[Collected data]

-=-=-=-=-

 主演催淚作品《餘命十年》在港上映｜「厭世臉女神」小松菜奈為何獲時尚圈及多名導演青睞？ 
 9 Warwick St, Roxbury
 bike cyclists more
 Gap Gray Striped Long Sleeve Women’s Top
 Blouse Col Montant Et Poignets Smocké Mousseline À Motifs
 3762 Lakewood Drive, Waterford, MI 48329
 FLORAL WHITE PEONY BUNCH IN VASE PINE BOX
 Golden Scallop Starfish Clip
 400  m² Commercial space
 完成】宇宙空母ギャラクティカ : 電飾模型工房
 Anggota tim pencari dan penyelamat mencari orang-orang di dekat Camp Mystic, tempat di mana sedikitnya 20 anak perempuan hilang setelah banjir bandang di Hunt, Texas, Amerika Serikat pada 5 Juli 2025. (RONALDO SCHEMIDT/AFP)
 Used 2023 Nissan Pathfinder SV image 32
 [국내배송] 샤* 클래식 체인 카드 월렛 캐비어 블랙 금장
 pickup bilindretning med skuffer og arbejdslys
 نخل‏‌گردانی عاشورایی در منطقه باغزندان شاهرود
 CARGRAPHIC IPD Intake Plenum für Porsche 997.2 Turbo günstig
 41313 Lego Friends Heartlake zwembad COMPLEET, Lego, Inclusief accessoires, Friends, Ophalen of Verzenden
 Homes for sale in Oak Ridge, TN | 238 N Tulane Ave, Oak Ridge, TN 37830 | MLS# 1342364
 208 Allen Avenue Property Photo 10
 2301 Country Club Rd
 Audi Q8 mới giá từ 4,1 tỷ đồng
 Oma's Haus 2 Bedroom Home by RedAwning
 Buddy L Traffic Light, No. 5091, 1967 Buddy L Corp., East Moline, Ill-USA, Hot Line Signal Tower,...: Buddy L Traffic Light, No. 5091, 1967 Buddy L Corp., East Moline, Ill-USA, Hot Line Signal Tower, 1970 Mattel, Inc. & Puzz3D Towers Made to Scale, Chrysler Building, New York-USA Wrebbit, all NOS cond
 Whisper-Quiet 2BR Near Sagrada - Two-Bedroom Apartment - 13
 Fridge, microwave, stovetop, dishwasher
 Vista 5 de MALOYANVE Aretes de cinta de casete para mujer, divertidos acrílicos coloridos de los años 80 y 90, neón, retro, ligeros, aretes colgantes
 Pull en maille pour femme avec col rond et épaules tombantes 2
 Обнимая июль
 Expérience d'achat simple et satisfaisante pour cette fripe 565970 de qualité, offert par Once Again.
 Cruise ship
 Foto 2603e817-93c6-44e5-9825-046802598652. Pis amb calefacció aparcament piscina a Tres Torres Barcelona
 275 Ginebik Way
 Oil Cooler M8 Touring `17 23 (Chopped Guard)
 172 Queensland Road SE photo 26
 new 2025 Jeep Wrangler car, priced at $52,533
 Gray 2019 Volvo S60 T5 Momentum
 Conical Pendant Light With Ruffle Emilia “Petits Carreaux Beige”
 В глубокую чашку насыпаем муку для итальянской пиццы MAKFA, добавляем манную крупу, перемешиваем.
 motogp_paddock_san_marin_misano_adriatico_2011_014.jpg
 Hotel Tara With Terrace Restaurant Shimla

-=-=-=-=-

Looking at the data above, return every line from the one with "Foto 2603e817-93c6-44e5-9825-046802598652. Pis" down to the one with "Gray 2019 Volvo S60 T5 Momentum", exactly and inclusively.

 Foto 2603e817-93c6-44e5-9825-046802598652. Pis amb calefacció aparcament piscina a Tres Torres Barcelona
 275 Ginebik Way
 Oil Cooler M8 Touring `17 23 (Chopped Guard)
 172 Queensland Road SE photo 26
 new 2025 Jeep Wrangler car, priced at $52,533
 Gray 2019 Volvo S60 T5 Momentum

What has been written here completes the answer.